A former chemist at a Massachusetts drug lab was arrested yesterday after being accused of mishandling and falsifying thousands of tests. As a result, a good number of drug convictions in the Boston area are now in doubt.
Annie Dookhan was arrested at her home outside Boston.Dookhan told investigators, "I screwed up big time. I messed up, I messed up bad." Considering the ramifications, that can only be described as an understatement.
Police said the former state crime lab chemist admitted that she altered or faked test results of drug cases assigned to her. Prosecutors said she went as far as adding cocaine to samples that were negative.
"There was clearly a short cutting of corners," State Attorney General Martha Coakley said. "There was just getting this done as quickly as possible and all of that we're looking at."
Officials said during her nine years the lab, Dookhan tested more than 60,000 drug samples. About 11,000 people now in jail were put there in part due to her work.
Dookhan came under scrutiny in part because she tested more than 500 samples a month--five times the average. And yet, her supervisor claimed to have never seen her in front of a microscope. She also had a bad habit of misidentifying samples.
The scandal started brewing in December, when she was suspended for not signing things in and out. After an investigation revealed she'd cut corners on several of her tests, she resigned in March. Further investigation revealed she'd gone as far as outright faking several tests--including dousing non-drug substances with cocaine to make them look positive. She'd also lied about getting a master's degree at the University of Massachusetts at Boston.
The ramifications of Dookhan's actions are staggering. State officials think that at least 1,140 drug convictions are now in doubt. Additionally, dozens of defendants in the Boston and Cambridge areas have already had their bail reduced due to concerns about tainted evidence. At least one defense attorney thinks that more than a few "very dangerous people" could end up walking because of this.

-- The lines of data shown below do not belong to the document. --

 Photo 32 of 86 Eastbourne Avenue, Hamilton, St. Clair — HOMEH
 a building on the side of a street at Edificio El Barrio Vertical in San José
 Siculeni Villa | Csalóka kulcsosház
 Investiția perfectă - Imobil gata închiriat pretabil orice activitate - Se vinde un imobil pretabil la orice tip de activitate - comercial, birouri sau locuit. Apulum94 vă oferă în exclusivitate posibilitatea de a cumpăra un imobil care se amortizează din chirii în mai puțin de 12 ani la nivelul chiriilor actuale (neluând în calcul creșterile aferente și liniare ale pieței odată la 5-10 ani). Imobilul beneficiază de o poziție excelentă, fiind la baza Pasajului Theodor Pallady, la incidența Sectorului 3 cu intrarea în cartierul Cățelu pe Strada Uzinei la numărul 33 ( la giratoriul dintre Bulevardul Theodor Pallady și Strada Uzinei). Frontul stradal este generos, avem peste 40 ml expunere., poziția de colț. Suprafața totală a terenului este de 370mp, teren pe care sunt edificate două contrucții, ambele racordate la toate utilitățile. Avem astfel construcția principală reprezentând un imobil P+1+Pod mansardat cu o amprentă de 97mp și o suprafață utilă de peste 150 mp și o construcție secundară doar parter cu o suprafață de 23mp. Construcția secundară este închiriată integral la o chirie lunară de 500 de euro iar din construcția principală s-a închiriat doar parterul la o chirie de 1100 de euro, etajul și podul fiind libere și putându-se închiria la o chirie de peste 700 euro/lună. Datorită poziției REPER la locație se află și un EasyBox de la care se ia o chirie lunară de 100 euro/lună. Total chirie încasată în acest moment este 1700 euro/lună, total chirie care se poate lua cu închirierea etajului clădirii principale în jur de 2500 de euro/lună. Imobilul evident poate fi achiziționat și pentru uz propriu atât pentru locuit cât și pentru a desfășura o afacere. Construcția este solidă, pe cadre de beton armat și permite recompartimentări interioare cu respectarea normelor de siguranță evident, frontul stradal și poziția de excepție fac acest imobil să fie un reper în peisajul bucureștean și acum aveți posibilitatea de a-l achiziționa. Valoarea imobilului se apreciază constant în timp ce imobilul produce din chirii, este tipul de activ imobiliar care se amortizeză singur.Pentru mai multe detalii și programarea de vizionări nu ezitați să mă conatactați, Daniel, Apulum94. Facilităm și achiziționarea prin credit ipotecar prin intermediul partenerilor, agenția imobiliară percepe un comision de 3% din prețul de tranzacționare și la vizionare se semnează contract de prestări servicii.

Dookhan currently faces as much as 22.5 years in prison if she's convicted on all three counts of obstruction of justice and falsifying academic records. However, it looks like under Massachusetts sentencing guidelines, she could get as little as three years (based upon a peek at the sentencing guidelines grid--anyone from Massachusetts can correct me). Given how reckless (at the very least) her behavior was and that it may have led to a lot of innocent people going to jail, I'm hoping for significant upward departure here.